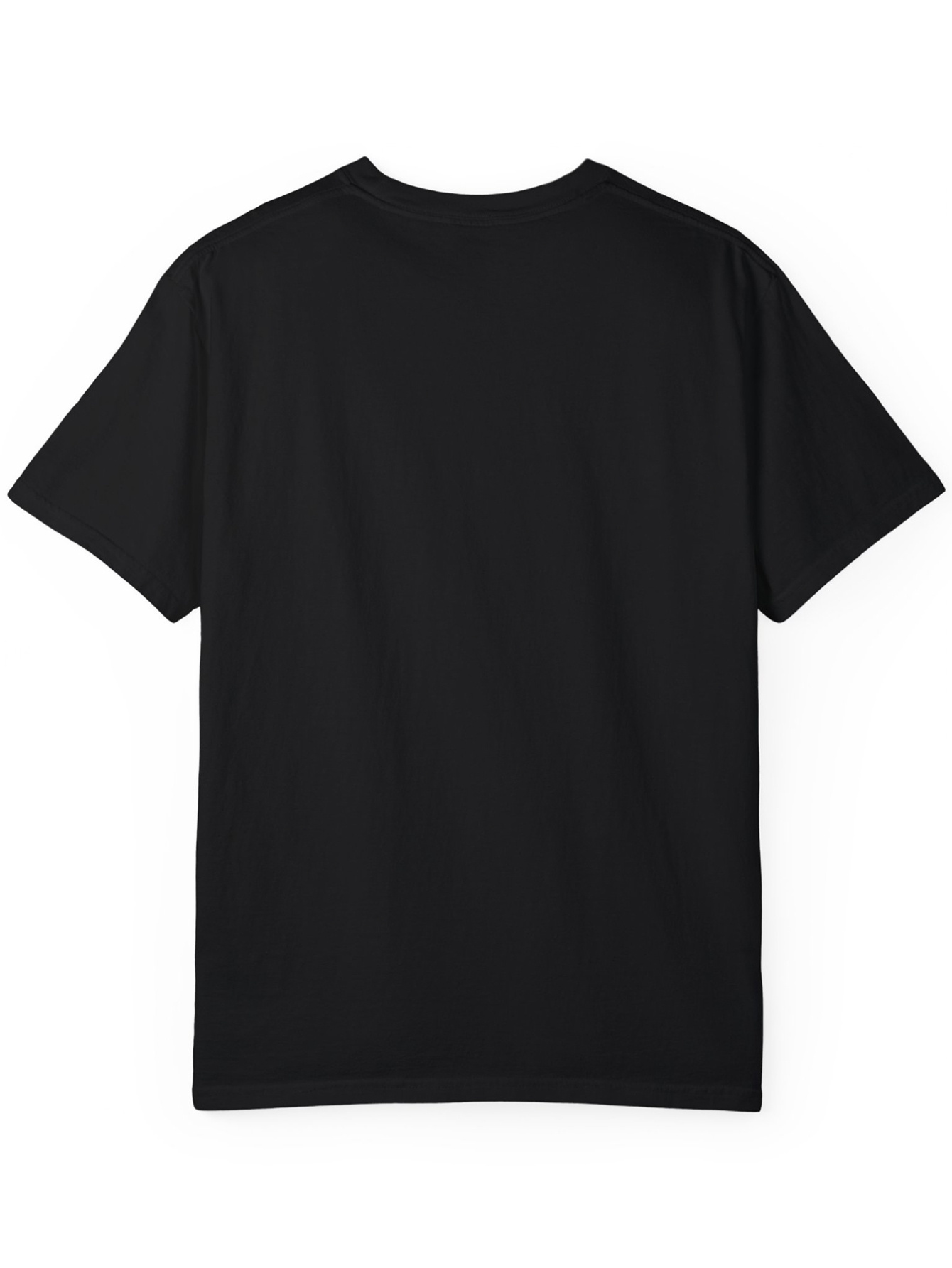 Men'S Graphic Tee Featuring a  - đánh giá và giá Photography Graphic Design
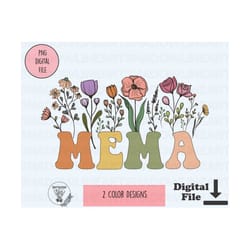 mema png mothers day png mema png for sublimation mama digital download mom life instant download png designs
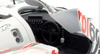 1/18 Werk83 1988 Jaguar XJR-9 #60 Winner 24h Daytona Castrol Jaguar Racing John Nielsen, Raul Boesel, Martin Brundle Diecast Car Model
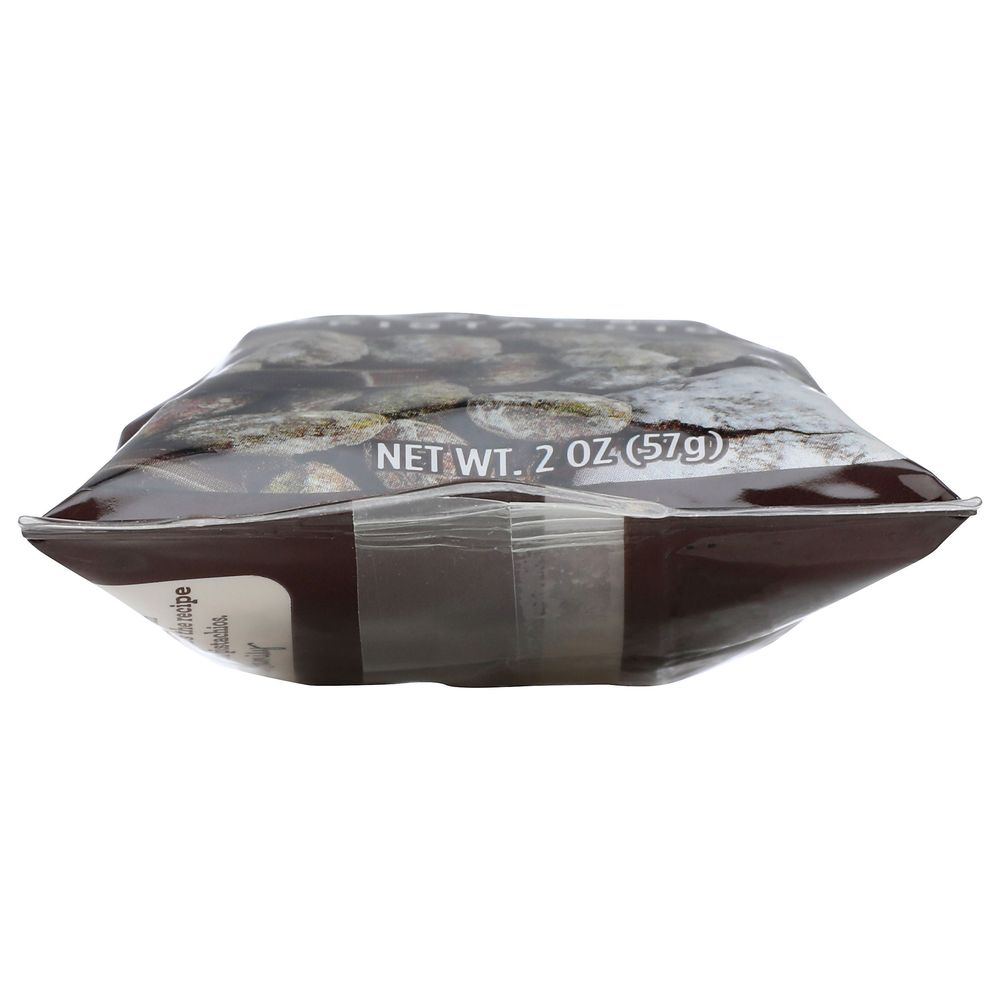 Product gallery 594253821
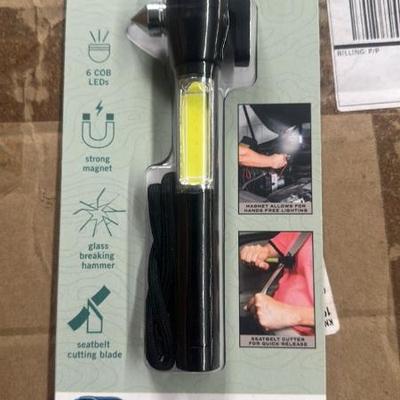 Sale Photo Thumbnail #178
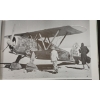 Image 5 : LOT OF 4 - MISC WWII PUBLICATIONS - INCL "THE BATTLE OF THE ATLANTIC" & "AIRCRAFT OF WORLD WAR 2"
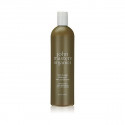 2-in-1 Shampoo and Conditioner Zinc & Sage John Masters Organics (473 ml)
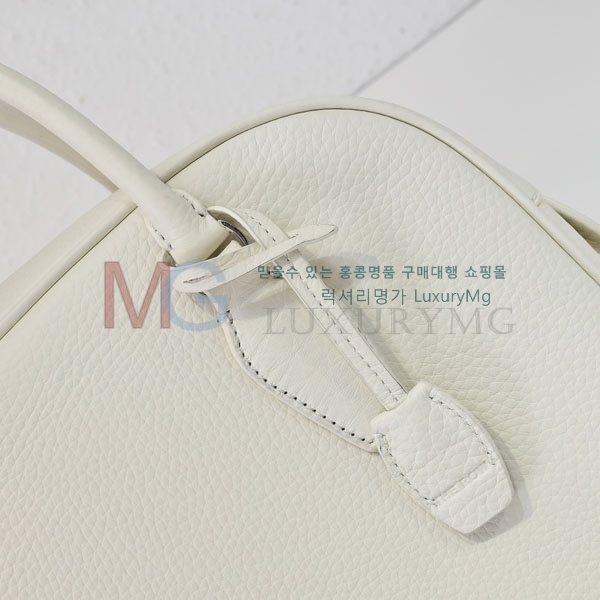 �� �ο� ���� 12 507500-3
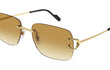 330S-003 - GOLD | YELLOW | NONE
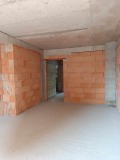 Продава 3-СТАЕН, град Варна, Център • 217000 € / 424415.11 лв. • 77280143 3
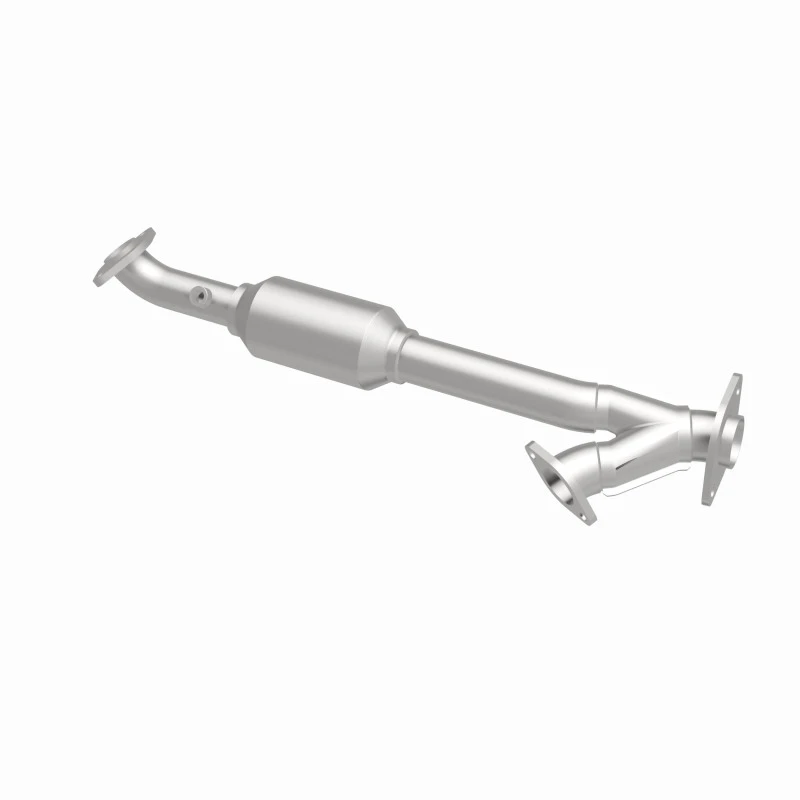 magnaflow_5592698-67967f25d7d33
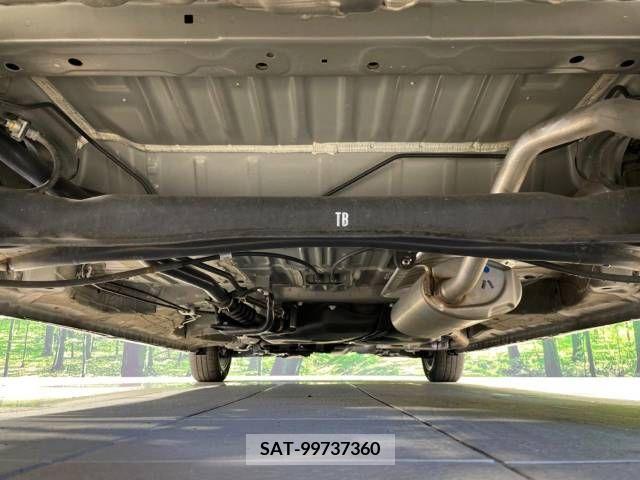 Honda N BOX CUSTOM 2021-07 384836-19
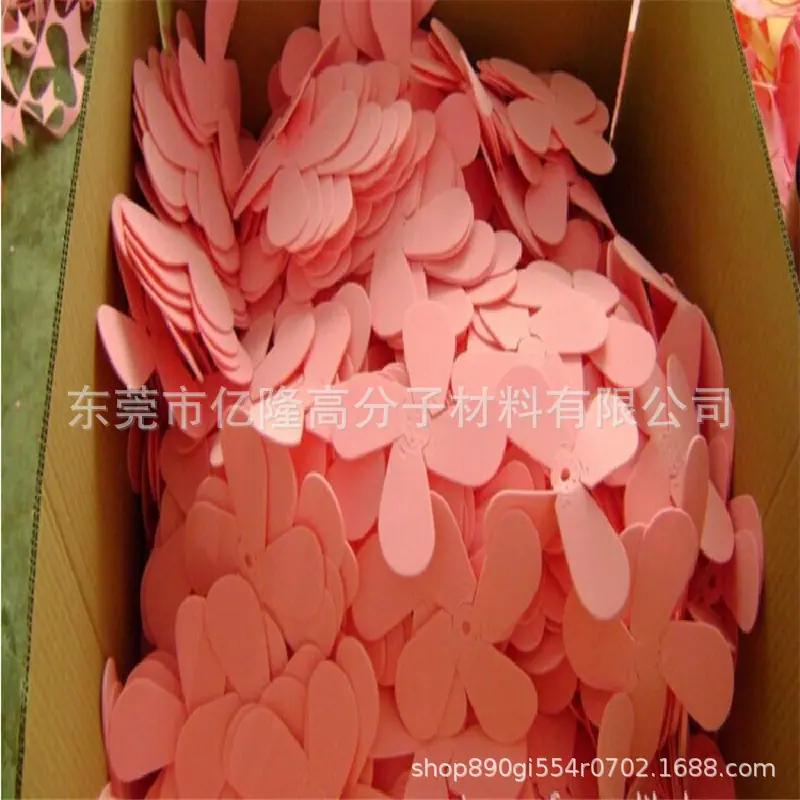 QQ截图20150617083305.png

++++++++

| Task instructions |
Each entry should be repeated exactly as it appears; the pictures stay out.

| Response to the task |
 Men'S Graphic Tee Featuring a  - đánh giá và giá Photography Graphic Design
 mema png mothers day png mema png for sublimation mama digital download mom life instant download png designs
 1/18 Werk83 1988 Jaguar XJR-9 #60 Winner 24h Daytona Castrol Jaguar Racing John Nielsen, Raul Boesel, Martin Brundle Diecast Car Model
 Product gallery 594253821
 Sale Photo Thumbnail #178
 Image 5 : LOT OF 4 - MISC WWII PUBLICATIONS - INCL "THE BATTLE OF THE ATLANTIC" & "AIRCRAFT OF WORLD WAR 2"
 2-in-1 Shampoo and Conditioner Zinc & Sage John Masters Organics (473 ml)
 �� �ο� ���� 12 507500-3
 330S-003 - GOLD | YELLOW | NONE
 Продава 3-СТАЕН, град Варна, Център • 217000 € / 424415.11 лв. • 77280143 3
 magnaflow_5592698-67967f25d7d33
 Honda N BOX CUSTOM 2021-07 384836-19
 QQ截图20150617083305.png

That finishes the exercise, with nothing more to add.